Exo’s exo-context package provides a solid foundation:

  • ContextProcessor ABC — event-driven processors with process(ctx, payload).
  • ProcessorPipeline — sequential dispatch by event type via register().
  • SummarizeProcessor — marks history for summarization at a configurable threshold.
  • ToolResultOffloader — truncates large tool results and stores full content in state.
  • TokenTracker — per-agent, per-step token usage tracking.
  • ContextConfig — immutable config with summary_threshold, offload_threshold, history_rounds, and automation modes (pilot/copilot/navigator).

However, it lacks several context engineering capabilities found in agent-core (openjiuwen/core/context_engine/):

  1. Message-level offloading — replacing oversized messages with [[OFFLOAD: handle=<id>]] markers, with a tool to reload content on demand.
  2. Dialogue compression — LLM-based compression of verbose tool call chains.
  3. Round-level windowing — understanding dialogue structure (one round = user message through assistant response without tool calls) for smarter history trimming.
  4. Token budgeting — accurate token counting via tiktoken encodings to enforce hard token limits before LLM calls.

This document proposes adding four new processors and one reload tool to exo-context, all plugging into the existing ProcessorPipeline with zero changes to the pipeline itself.


2. Key Decision: Extend, Don’t Replace

Option A — New pipeline or processor base (rejected)

Create a separate processor system for the new capabilities.
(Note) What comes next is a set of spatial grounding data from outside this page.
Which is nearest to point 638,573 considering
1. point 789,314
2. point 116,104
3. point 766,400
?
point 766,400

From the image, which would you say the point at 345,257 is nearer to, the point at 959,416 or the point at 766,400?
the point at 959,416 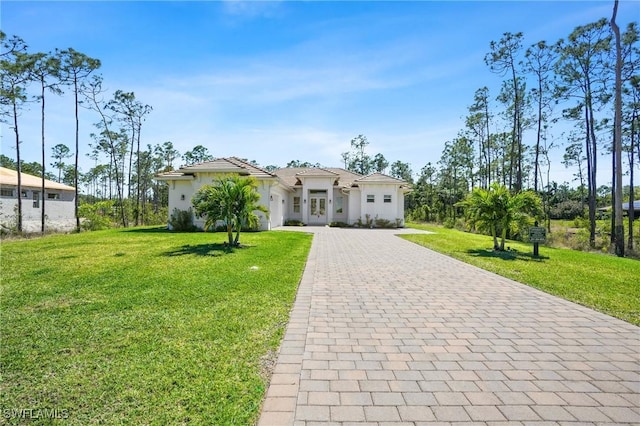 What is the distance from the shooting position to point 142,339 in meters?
3.80

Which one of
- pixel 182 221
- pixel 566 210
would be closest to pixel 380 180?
pixel 182 221

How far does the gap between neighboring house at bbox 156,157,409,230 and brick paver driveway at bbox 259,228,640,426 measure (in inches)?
635

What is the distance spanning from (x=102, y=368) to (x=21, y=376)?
69cm

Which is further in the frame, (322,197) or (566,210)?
(566,210)

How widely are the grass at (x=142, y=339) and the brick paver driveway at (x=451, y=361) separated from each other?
1.29ft

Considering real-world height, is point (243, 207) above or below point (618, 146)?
below

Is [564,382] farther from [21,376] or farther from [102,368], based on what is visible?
[21,376]

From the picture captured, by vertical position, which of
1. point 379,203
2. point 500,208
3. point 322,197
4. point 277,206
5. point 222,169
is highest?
point 222,169

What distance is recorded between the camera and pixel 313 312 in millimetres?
4988

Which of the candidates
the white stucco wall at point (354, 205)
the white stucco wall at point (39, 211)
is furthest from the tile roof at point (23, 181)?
the white stucco wall at point (354, 205)

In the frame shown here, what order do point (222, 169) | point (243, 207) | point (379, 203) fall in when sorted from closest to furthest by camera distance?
point (243, 207)
point (222, 169)
point (379, 203)

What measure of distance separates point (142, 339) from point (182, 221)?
58.0 ft

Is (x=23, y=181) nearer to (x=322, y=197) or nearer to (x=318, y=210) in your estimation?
(x=318, y=210)

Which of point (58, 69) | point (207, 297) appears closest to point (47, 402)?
point (207, 297)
This duplicates dispatch logic, forces consumers to choose between pipelines, and breaks the single ProcessorPipeline model.

Option B — New processors in existing pipeline (chosen)
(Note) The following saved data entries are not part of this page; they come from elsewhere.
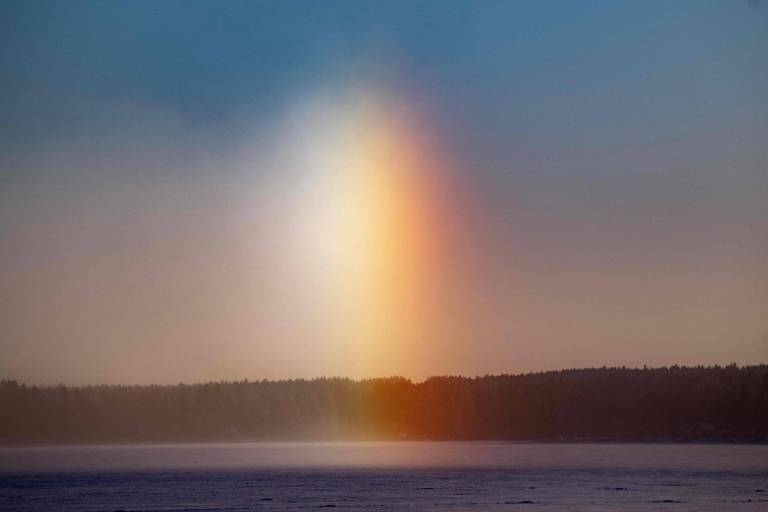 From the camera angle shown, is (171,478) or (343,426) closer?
(171,478)

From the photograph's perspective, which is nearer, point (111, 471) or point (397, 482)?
point (397, 482)

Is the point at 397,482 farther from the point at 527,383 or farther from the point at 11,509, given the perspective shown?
the point at 527,383

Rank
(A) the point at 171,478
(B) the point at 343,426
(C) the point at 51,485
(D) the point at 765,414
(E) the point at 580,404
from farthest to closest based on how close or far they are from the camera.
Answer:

All four enhancements are implemented as new ContextProcessor subclasses that register on existing pipeline events (pre_llm_call, post_tool_call). The reload capability is a standard context tool.

Why Option B:

  • Zero changes to ProcessorPipeline, ContextProcessor, or any existing code.
  • New processors are opt-in — pipeline.register(MessageOffloader()).
  • Existing SummarizeProcessor and ToolResultOffloader continue to work unchanged.
  • Consumers compose processors freely: any combination, any order.

3. New Processor: MessageOffloader

Event: pre_llm_call Module: processor.py (added to existing file)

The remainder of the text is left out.